# [HOW TO COMPLETE THIS TASK]
Print exactly, and only, the lines from the one that has "Machine d'étiquetage automatique, machine" through the end of the material below, with both ends included and the pictures omitted.
═════ DATASET RECORDS
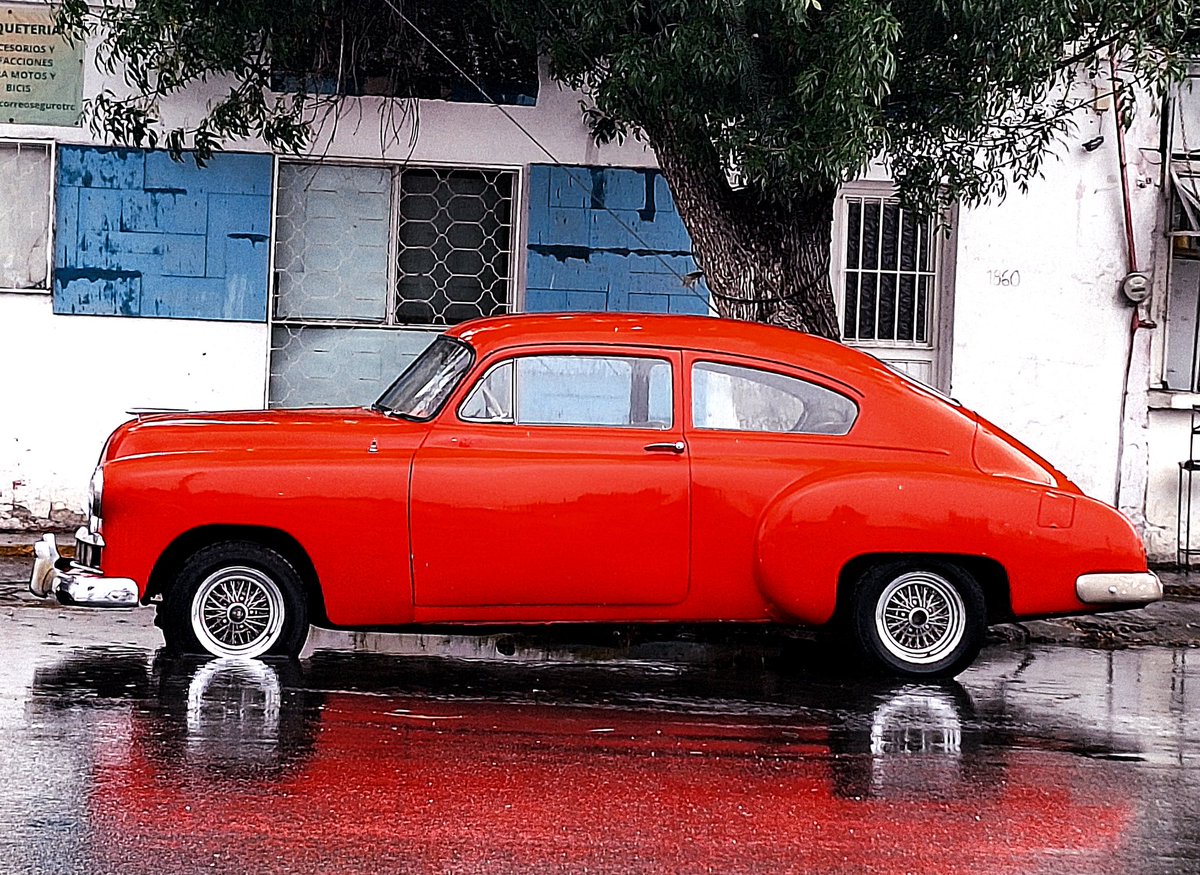 magoytia4's tweet photo. "Clásico" #autos #antiguos #colores #lluvia #cielo #nublado #cosassimples #2023 #mariagoytia https://t.co/G66wwgHpJy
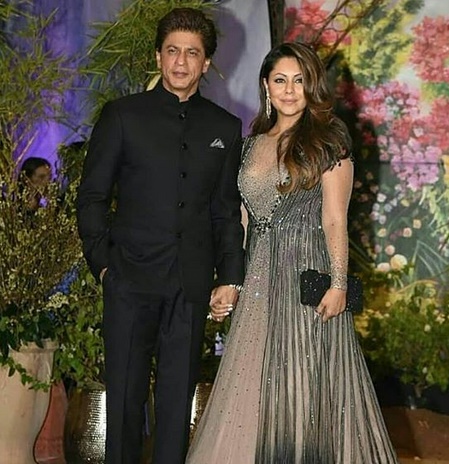 Gouri khan birthday story, read love story of srk with her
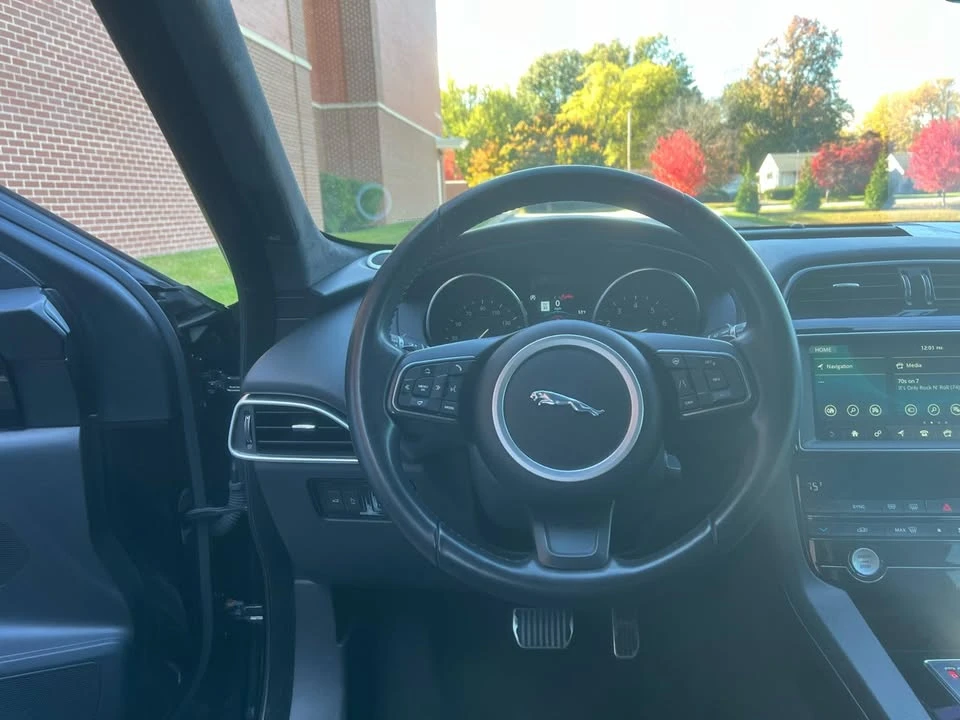 2019 Jaguar F-Pace - Image 10 of 16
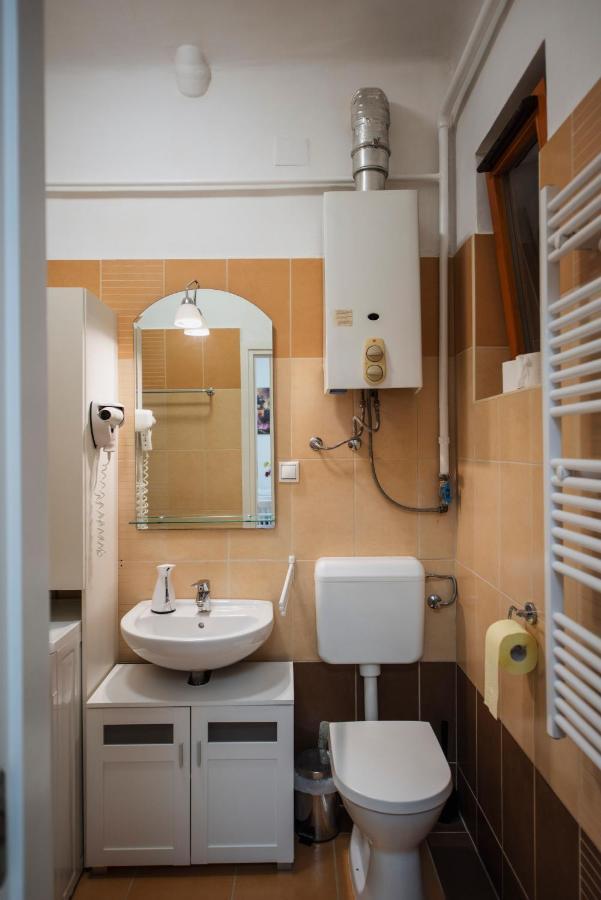 Heart Of Pecs Apartman Free Parking 外观 照片
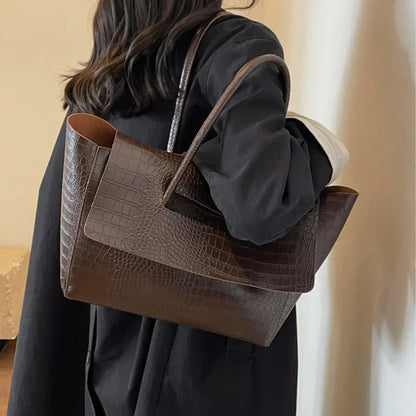 Alicia Geprägte Leder-Tote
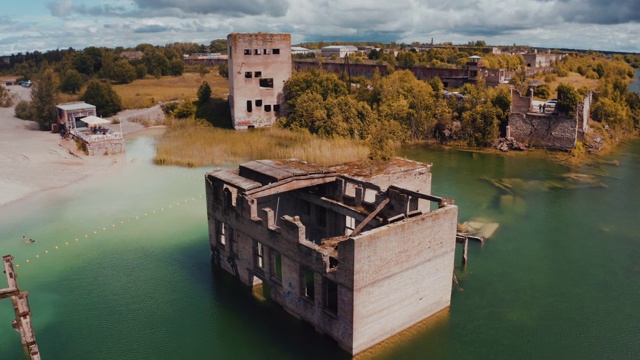 爱沙尼亚鲁姆的废弃采石场。土地风景。视频素材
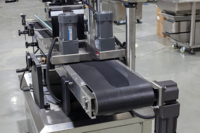 Machine d'étiquetage automatique, machine d'étiquetage latéral supérieur, fabricant de machines d'étiquetage pour boîtes en carton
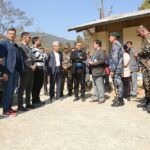 गृहमन्त्री अर्यालले गरे काठमाडौं र मकवानपुरका मतदान केन्द्रको स्थलगत निरीक्षण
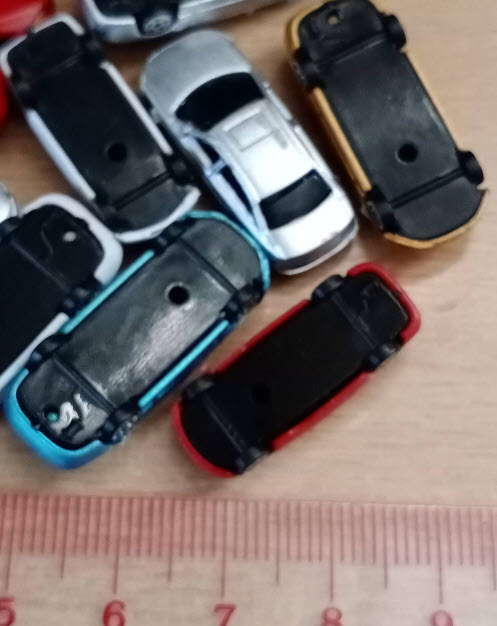 รถจิ๋ว สเกล 1:200 คละสี / 25 คัน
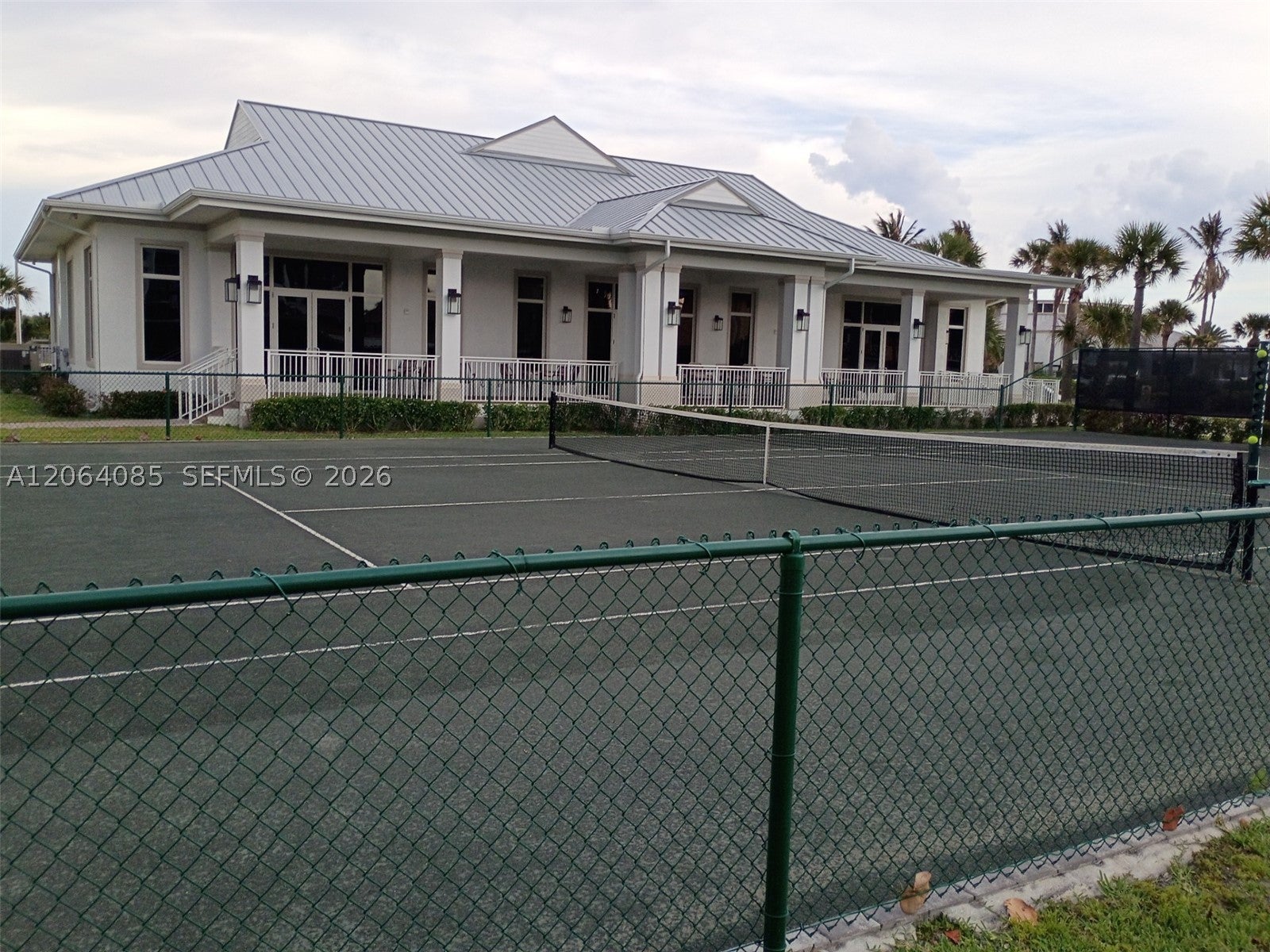 2400 S Ocean Dr 2212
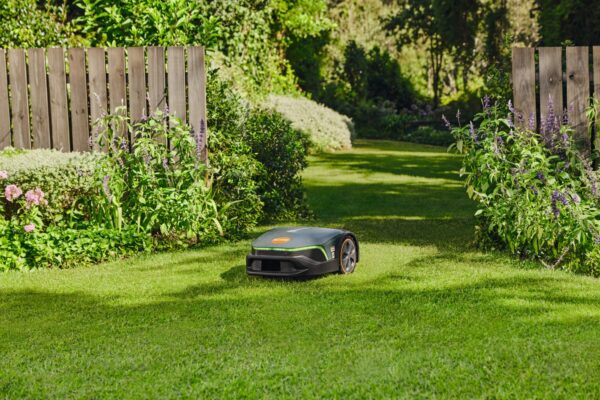 STIHL iMOW® 6 EVO Robotic Mower For Lawns Up To 3,000 m² With 4G Connectivity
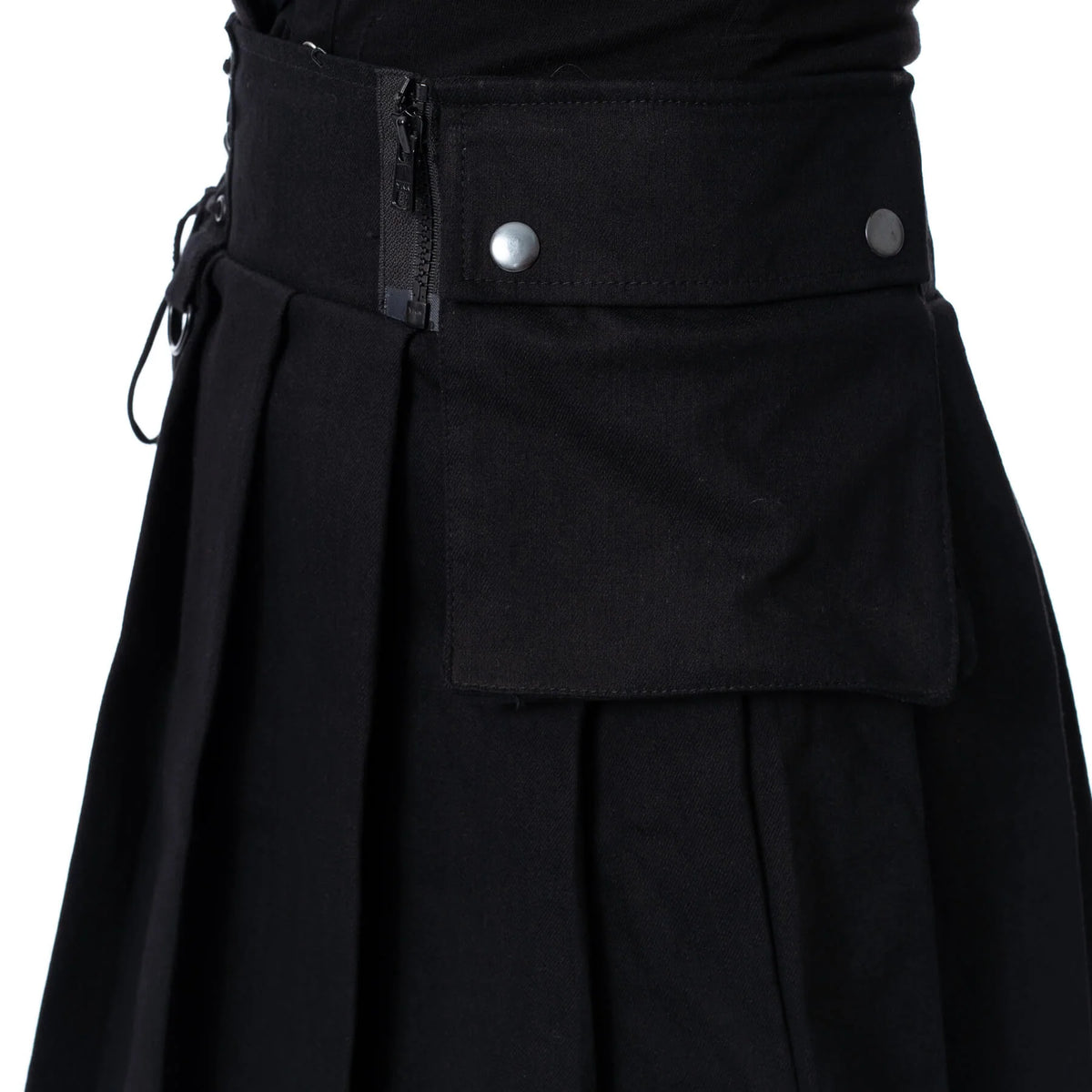Schwarzer, schlichter Rock DESDEMONIA SKIRT mit Zierschnürung und Seitentasche von Chemical Black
══════════
# [TASK RESULT]
 Machine d'étiquetage automatique, machine d'étiquetage latéral supérieur, fabricant de machines d'étiquetage pour boîtes en carton
 गृहमन्त्री अर्यालले गरे काठमाडौं र मकवानपुरका मतदान केन्द्रको स्थलगत निरीक्षण
 รถจิ๋ว สเกล 1:200 คละสี / 25 คัน
 2400 S Ocean Dr 2212
 STIHL iMOW® 6 EVO Robotic Mower For Lawns Up To 3,000 m² With 4G Connectivity
Schwarzer, schlichter Rock DESDEMONIA SKIRT mit Zierschnürung und Seitentasche von Chemical Black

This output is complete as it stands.